I would never take a chance at doing harm. Imagine if someone profiled you as a dirty hippy/crusty fuck and stuck their dick in your mashed potatoes- I've read your posts, and you seem like a cool guy I wouldn't mind getting to know. I'm approaching fifty so I'm an old guy too, and I never, never comment on posts like this, but I felt like I had to this time.

I visit this forum because it's a great source of information and inspiration to me with respect to recreational camping, equipment, techniques, and destinations I have yet to explore before my very short time on this planet is over, but if it's reached the point of celebrating the taint/pube-raping of someone's dinner as an instrument of chaos, as opposed to making a real human connection and learning, communicating and growing as fellow human beings from one another, maybe I'm done.

I'm liberal as hell. Fucking with peoples health is bullshit.


----------



## mylon (Apr 25, 2019)

ScumRag said:


> Suddenly, a warm, comforting feeling has come over me.



Aren't you the same person who equated _owning an NRA sticker_ to _domestic terrorism?_ Yet you think it's just swell for someone to unknowingly feed someone else semen or blood?

What in the fuck is wrong with you guys?


----------



## ScumRag (Apr 25, 2019)

Breakfast of champions, bro. Ive eaten menstrual blood.


----------



## ScumRag (Apr 25, 2019)

May be that you're ultra privileged and has never had to grovel for a meal, spange, or fly a sign.


----------



## Older Than Dirt (Apr 25, 2019)

Comrade Meadowlark: While _i_ might have done those things thirty years ago, i have no cause to be ashamed of working-class folks _right now _ritually tainting the food of human scum such as Republicans, or other fascists, white supremacists, homophobes, etc.

I am just telling folks here about a fact of life that might interest, amuse or hearten them; it seems many have responded as i expected.

The only other form of "human contact" any self-respecting person ought to have with enemies of human life is with a fist, club, knife, or boot (is shooting someone "human contact"?).
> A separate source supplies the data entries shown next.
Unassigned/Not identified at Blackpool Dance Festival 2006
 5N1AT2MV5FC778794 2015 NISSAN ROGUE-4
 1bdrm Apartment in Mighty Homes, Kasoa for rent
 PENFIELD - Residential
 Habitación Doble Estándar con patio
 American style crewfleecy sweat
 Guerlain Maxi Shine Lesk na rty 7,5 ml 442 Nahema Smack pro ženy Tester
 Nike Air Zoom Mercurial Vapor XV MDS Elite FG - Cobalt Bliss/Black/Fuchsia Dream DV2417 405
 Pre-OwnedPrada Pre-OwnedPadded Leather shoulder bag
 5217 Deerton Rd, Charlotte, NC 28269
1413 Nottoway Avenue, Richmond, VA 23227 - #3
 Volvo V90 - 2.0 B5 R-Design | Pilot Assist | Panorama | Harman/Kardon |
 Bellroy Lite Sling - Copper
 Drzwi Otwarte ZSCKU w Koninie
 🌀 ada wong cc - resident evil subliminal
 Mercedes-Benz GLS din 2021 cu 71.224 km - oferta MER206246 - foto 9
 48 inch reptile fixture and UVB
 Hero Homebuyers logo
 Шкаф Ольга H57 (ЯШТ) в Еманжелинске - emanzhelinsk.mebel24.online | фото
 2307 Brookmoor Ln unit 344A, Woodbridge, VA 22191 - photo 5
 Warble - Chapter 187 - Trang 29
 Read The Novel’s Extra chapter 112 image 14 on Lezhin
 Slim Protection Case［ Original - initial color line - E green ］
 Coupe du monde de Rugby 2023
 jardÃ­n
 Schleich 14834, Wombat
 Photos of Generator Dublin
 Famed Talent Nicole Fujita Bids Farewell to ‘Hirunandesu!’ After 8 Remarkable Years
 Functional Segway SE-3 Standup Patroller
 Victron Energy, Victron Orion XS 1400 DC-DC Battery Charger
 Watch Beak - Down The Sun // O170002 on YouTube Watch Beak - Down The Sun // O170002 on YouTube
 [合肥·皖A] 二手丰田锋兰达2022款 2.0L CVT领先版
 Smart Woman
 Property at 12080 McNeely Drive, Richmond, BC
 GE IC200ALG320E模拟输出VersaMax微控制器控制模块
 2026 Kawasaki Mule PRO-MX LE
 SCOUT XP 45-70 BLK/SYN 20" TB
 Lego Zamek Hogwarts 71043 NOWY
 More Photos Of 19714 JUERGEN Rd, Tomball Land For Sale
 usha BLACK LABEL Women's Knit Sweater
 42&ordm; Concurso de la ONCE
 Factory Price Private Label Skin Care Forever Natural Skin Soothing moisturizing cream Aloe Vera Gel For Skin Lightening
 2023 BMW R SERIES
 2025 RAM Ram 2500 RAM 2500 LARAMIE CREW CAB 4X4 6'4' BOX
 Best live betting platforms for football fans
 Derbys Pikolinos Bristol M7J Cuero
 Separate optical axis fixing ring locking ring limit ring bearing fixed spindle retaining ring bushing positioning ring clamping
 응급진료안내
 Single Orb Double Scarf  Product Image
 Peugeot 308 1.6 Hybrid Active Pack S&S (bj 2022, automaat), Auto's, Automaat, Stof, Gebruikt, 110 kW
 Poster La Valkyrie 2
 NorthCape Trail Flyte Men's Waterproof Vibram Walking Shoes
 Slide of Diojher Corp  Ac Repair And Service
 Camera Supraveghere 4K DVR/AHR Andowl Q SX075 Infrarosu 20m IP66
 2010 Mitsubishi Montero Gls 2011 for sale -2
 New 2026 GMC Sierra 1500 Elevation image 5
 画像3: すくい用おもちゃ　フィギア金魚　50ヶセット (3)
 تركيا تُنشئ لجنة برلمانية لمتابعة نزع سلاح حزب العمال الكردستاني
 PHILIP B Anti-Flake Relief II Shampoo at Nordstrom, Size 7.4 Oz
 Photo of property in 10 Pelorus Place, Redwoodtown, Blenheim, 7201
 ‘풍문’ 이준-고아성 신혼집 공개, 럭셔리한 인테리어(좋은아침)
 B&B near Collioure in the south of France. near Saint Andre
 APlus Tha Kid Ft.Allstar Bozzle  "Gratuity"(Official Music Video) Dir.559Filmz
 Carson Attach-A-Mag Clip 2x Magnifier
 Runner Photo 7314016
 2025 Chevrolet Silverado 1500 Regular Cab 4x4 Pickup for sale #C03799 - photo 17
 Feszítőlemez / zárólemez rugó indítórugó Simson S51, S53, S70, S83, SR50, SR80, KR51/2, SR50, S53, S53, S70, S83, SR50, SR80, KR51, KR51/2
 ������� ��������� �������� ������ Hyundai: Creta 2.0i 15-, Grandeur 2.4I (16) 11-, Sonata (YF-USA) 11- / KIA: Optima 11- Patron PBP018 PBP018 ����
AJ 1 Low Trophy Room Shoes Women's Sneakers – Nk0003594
Sometimes this isn't prudent, and as Comrade blank points out "Don't fuck with the people who handle your food."

As to the possibility that someone will stick _their_ dick in _my_ mashed potatoes,

a) i worked every job there is in food service, treat folks i meet well, and get treated well

b) i'm sure i ate my share of dicked mashed potatoes when i was a "long-haired faggot "in the early '70s and a "punk-rock faggot" after i cut my hair in '77; i will take my chances (see "a" above)

c) please see the authoritative reference on this topic (sampled by my old NYHC pals Beastie Boys)


----------



## James Meadowlark (Apr 25, 2019)

Older Than Dirt said:


> (is shooting someone "human contact"?).



Have a good one. Peace.


----------



## Older Than Dirt (Apr 25, 2019)

Peace to _you_ also, Comrade Meadowlark, but not to _all_. 

Peace is the wrong plan to pursue in the face of class war (and all the other wars waged against anyone likely to turn up here). The only remaining questions are strategy and tactics. Voting is one, street action is another, still another is the topic here.

_God gave Noah the rainbow sign
Don't you see, don't you see
No more water but the fire next time_
(Carter Family)


----------



## manzo (Apr 25, 2019)

Older Than Dirt said:


> Peace to _you_ also, Comrade Meadowlark, but not to _all_.
> 
> Peace is the wrong plan to pursue in the face of class war (and all the other wars waged against anyone likely to turn up here). The only remaining questions are strategy and tactics. Voting is one, street action is another, still another is the topic here.
> 
> ...


class warfare lol


----------



## Placebo (Apr 25, 2019)

Older Than Dirt said:


> Peace to _you_ also, Comrade Meadowlark, but not to _all_.
> 
> Peace is the wrong plan to pursue in the face of class war (and all the other wars waged against anyone likely to turn up here). The only remaining questions are strategy and tactics. Voting is one, street action is another, still another is the topic here.
> 
> ...


Ok pol pot. Enjoy yer holiday in cambodia!


----------